Stored items from a collection:
[Start of Attachment]
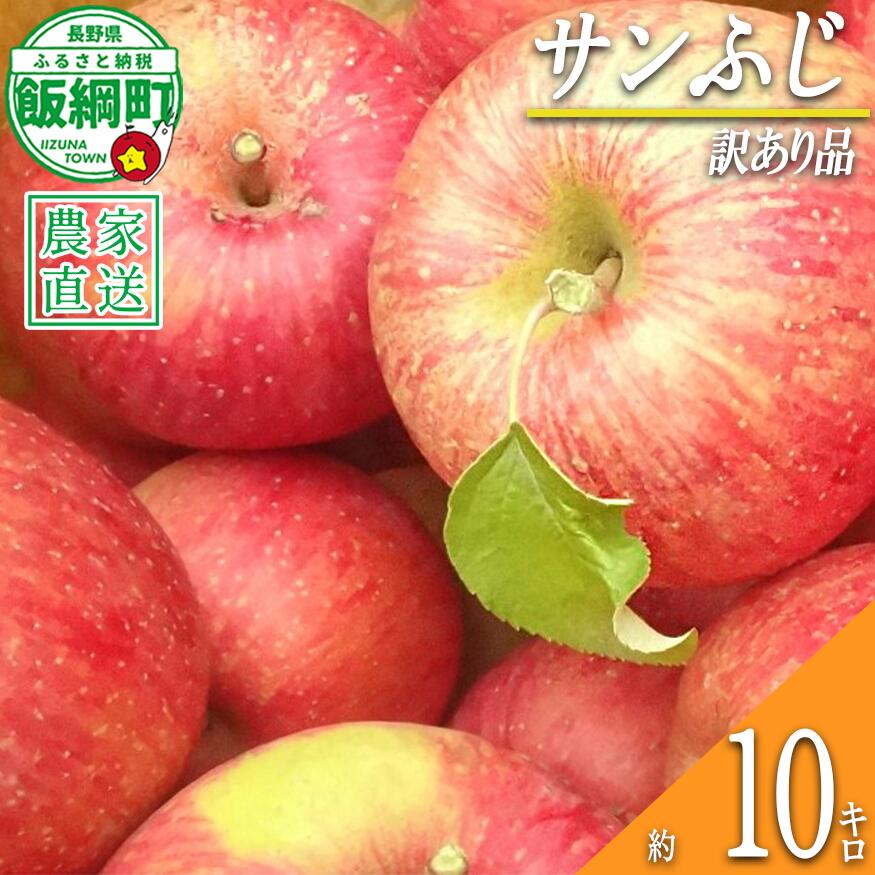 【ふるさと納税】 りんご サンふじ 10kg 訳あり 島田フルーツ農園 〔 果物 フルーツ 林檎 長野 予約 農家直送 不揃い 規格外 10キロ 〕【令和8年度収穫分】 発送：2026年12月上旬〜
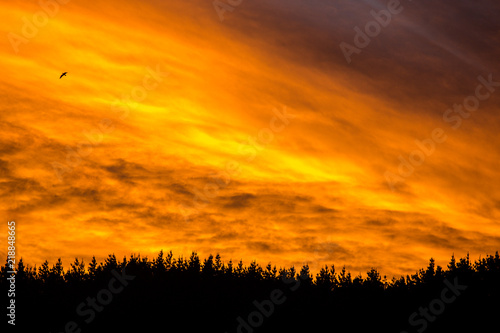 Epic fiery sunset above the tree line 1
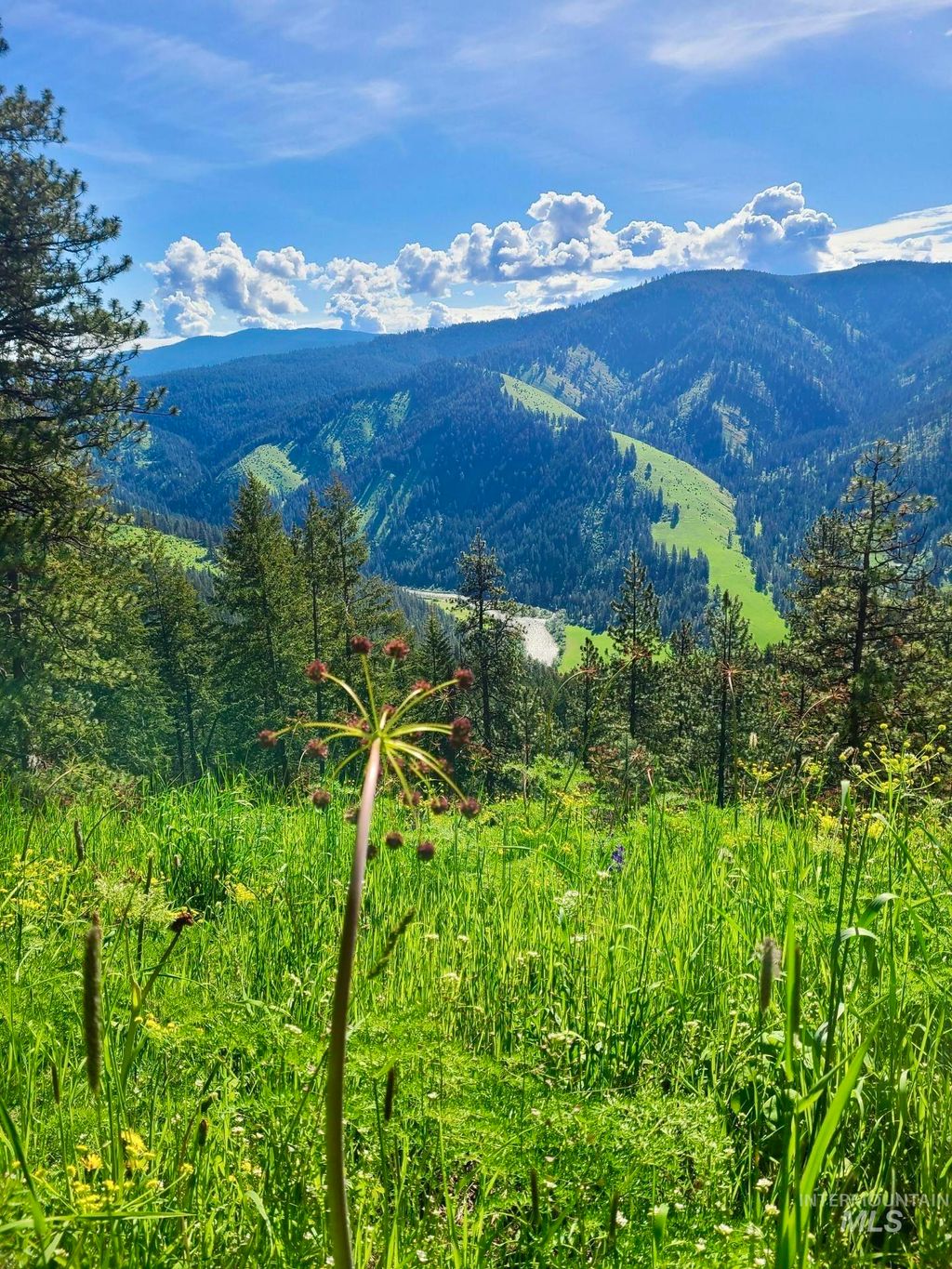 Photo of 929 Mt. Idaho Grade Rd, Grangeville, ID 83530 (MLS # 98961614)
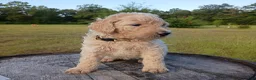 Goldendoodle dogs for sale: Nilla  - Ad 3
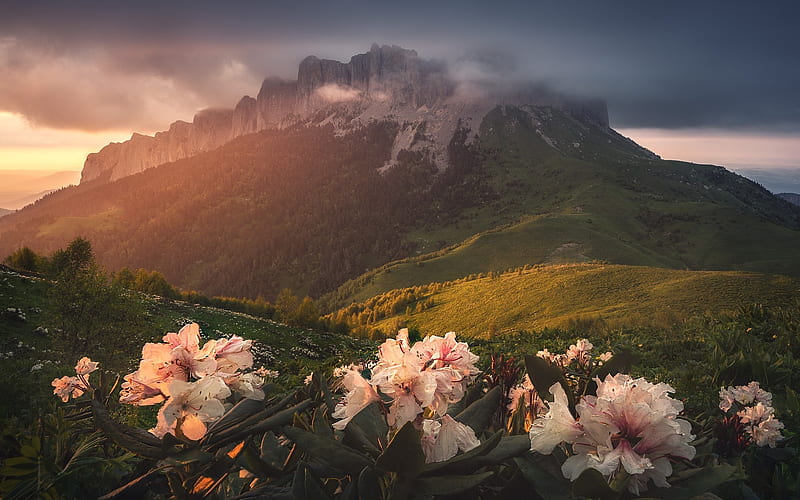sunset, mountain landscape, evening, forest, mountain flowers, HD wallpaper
[End of Attachment]
[Start of Attachment]
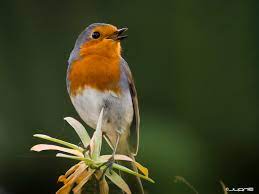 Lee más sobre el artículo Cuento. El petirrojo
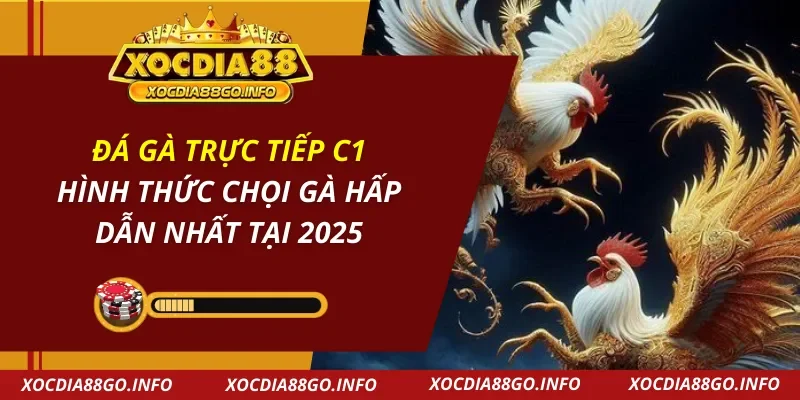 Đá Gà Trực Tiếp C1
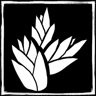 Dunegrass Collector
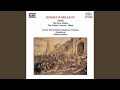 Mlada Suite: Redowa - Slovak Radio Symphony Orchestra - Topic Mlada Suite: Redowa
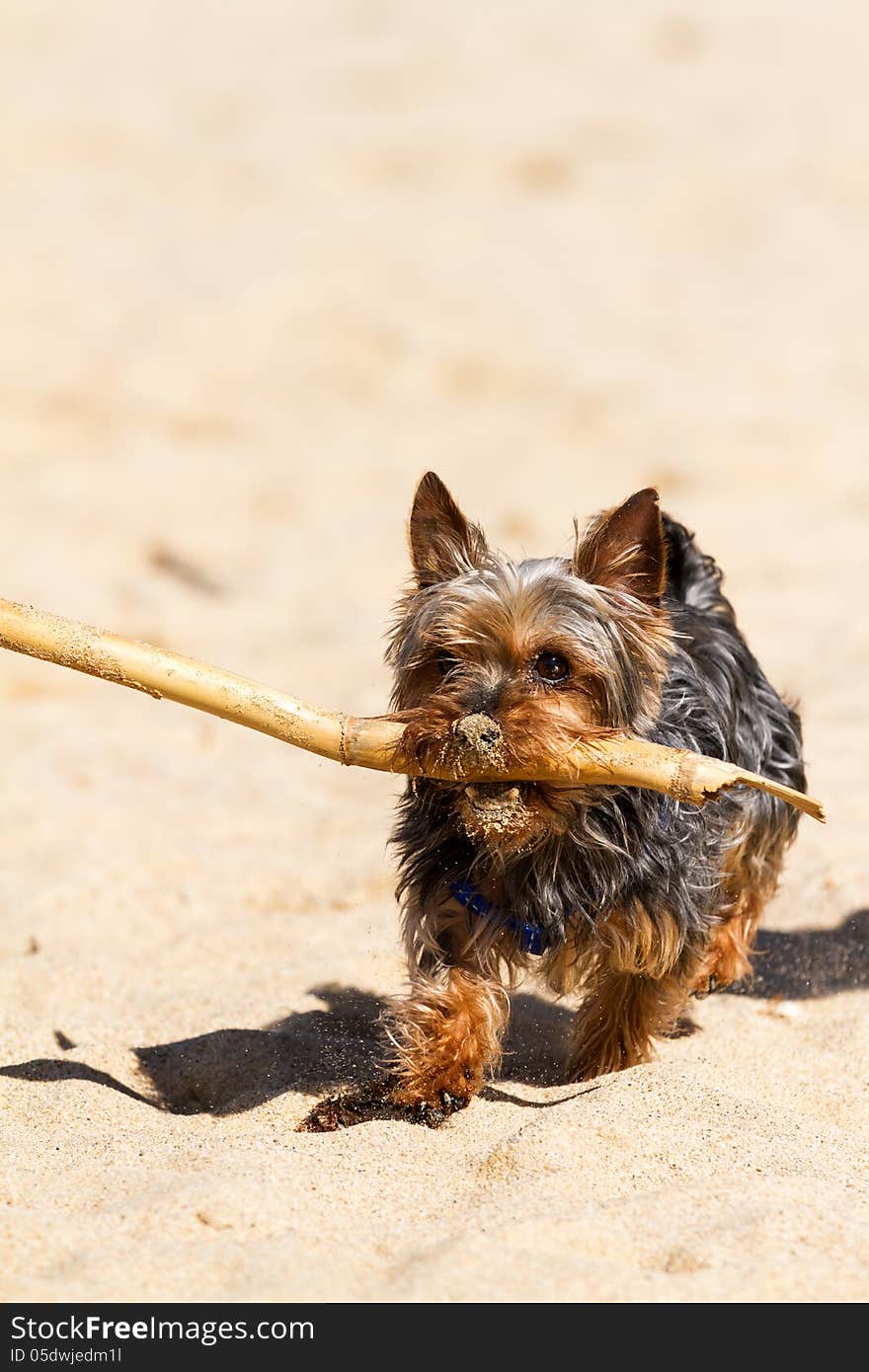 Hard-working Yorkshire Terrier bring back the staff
[End of Attachment]
Copy exactly the lines of the entries above from the one containing "Đá Gà Trực Tiếp C1" through the one containing "Hard-working Yorkshire Terrier". Both end lines count; pictures do not.

▶ Completed exercise
 Đá Gà Trực Tiếp C1
 Dunegrass Collector
 Mlada Suite: Redowa - Slovak Radio Symphony Orchestra - Topic Mlada Suite: Redowa
 Hard-working Yorkshire Terrier bring back the staff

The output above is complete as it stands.